(06-06-2024, 05:48 PM)SpriggsySpriggs Wrote: I hate to say it but I am lost looking at your code :/
I will say the reason you couldn't get WS_OVERLAPPEDWINDOW to work is because you had some of the constants it depends on declared after it. I moved them to before it and that constant is fine. Since you are only caring about mice in your program, you should probably forget trying to process the keyboard with rawinput. I think you are causing yourself headaches with trying to make that struct work for both mice and keyboards. I'd stick to using rawinput to monitor multiple mice but using built-in stuff for the keyboard.
As for the sizeof() and OFFSETOF() stuff, here's what you need to do (even though it is time-consuming and monotonous):
1) Take every struct you are using and put them in a C header file.
2) Output sizeof(your_struct_name_here) to the console window. This tells you the size of the struct.
3) Output the length of the QB64 type by printing LEN(your_type_name_here) to the console window. If the numbers do not match, you are missing alignment or a critical member.

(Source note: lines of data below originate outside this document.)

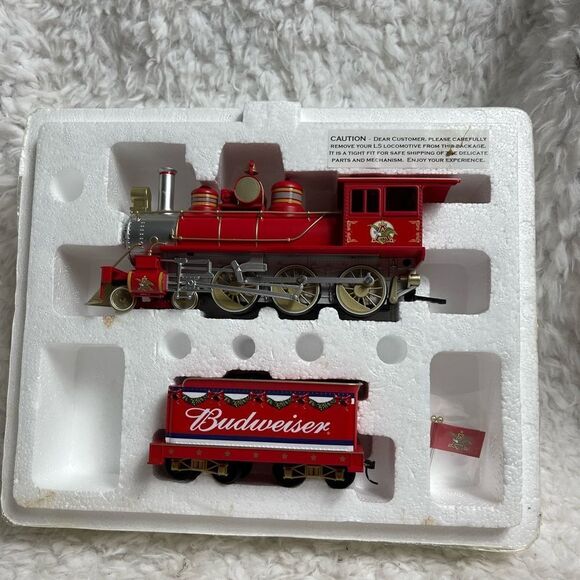 NIB Hawthorne Village Budweiser Holiday express Train Locomotive& Tender - Picture 1 of 16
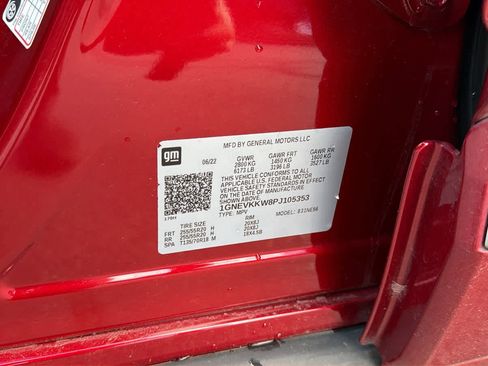 Used 2023 Chevrolet Traverse Premier image 22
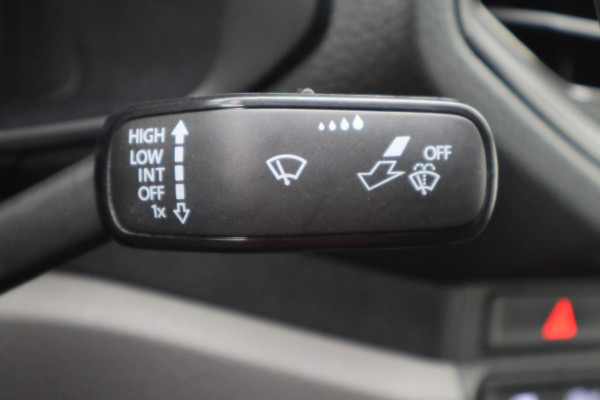 Volkswagen Crafter 35 2.0 TDI L3H3 Highline 3-Zits, Airco, Camera, Cruise, Apple Carplay, Verwarmde Voorruit, Trekhaak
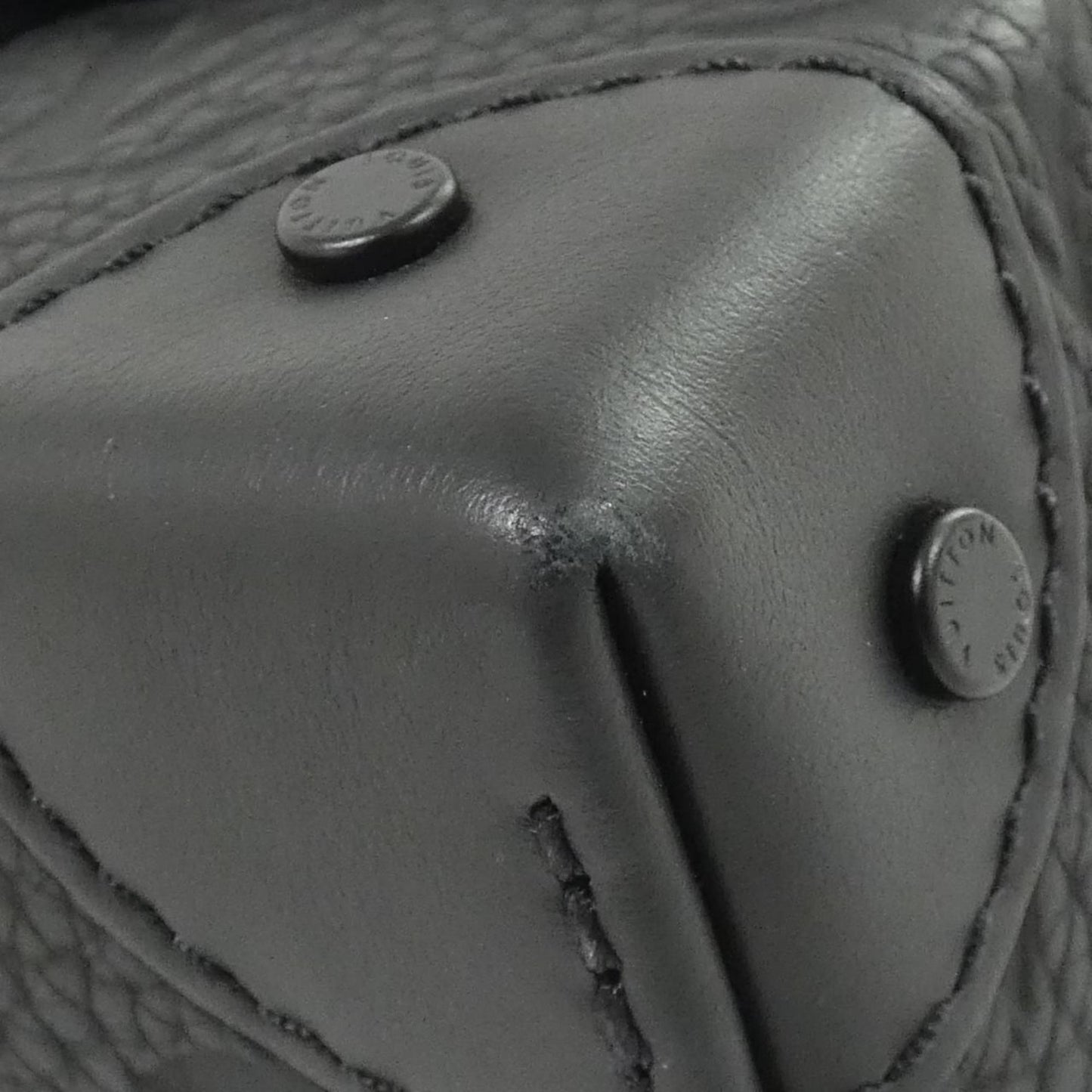 Louis Vuitton Taurillon Monogram Trunk Messenger Pm M57726 Shoulder Bag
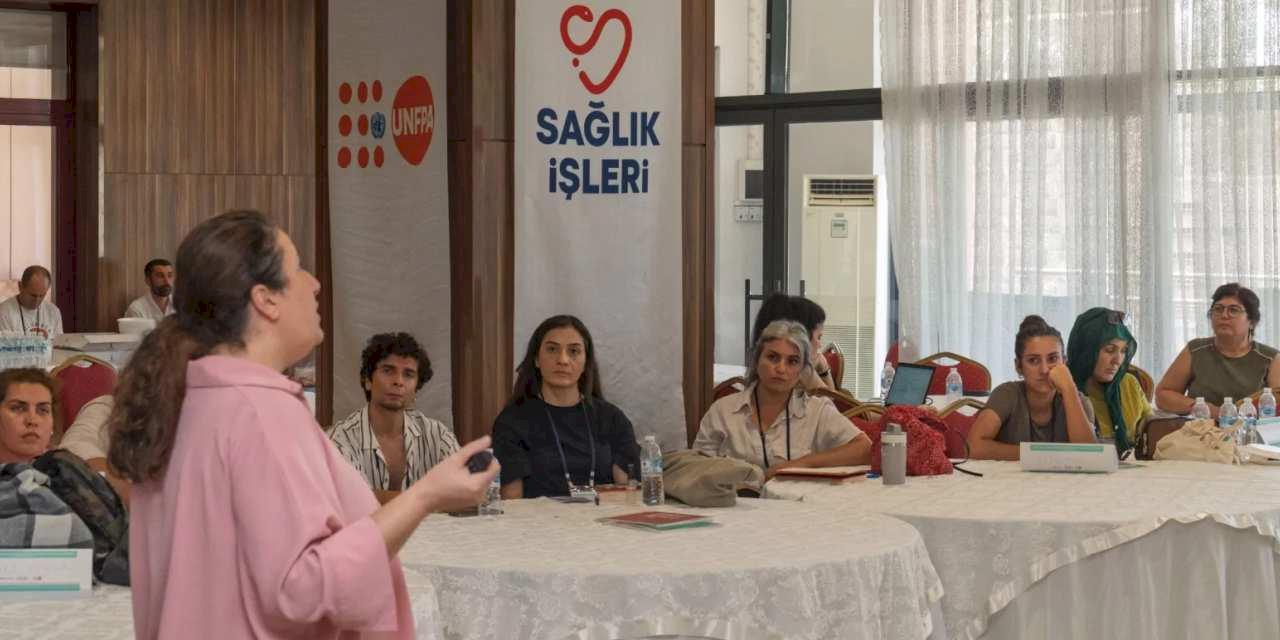 İzmir'de çocuk yaşta evliliklere karşı sağlık aracıları sahada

4) Use OFFSETOF() for each member of the struct. The number tells you where the member falls in the struct. If the positioning of the struct member doesn't match the position of the type member, you need alignment of however many bytes difference. You can figure out the position of the member by either manually counting or by using OFFSET() in QB64 and figuring out the difference between the start of the TYPE and the location of the member.
Sometimes you can cheese it and take a guess by knowing you need 8 bytes for each "block" in a struct on 64 bit and 4 bytes for 32. However, I don't recommend this. Just follow these quickly written steps to victory.
Thanks for this, it at least gives me something to go on.
BTW The reason I am attempting to read the keyboard with Raw Input API is that the built-in QB64PE methods for reading the keyboard aren't working for the solution.
If you recall, the RawInput program is event driven and uses its own hwnd handle, and regular QB64PE graphics and text display commands don't work.
So my solution was to put the user input (keyboard and mouse) in a seperate sub program that is kicked off by the main program.
The sub program window sits directly over the main program, and always has the focus (so it can read the mice). The sub program window's alpha transparency is set to 1 (setting it to zero disables focus) which effectively renders it invisible. So it has the focus and reads the mice with the Raw Input API events, and sends the input it detects up to the main program over local TCP/IP. The main program has all the logic and processes the input, outputs the graphics & sound. Because the sub-program is transparent, the main window is what the users see.
And because it never has the focus, it can't detect keypresses, the subprogram has to do that. However I have tried reading the keyboard using normal QB64PE commands (_BUTTON, _KEYDOWN, _KEYHIT, inkey$) but they don't seem to work from the subprogram. It's probably due to the same reason that graphics commands don't work - it uses its own window handle. So since it works so well for reading mice and sending the input back via TCP/IP, I figure that's the way to read the keyboard as well!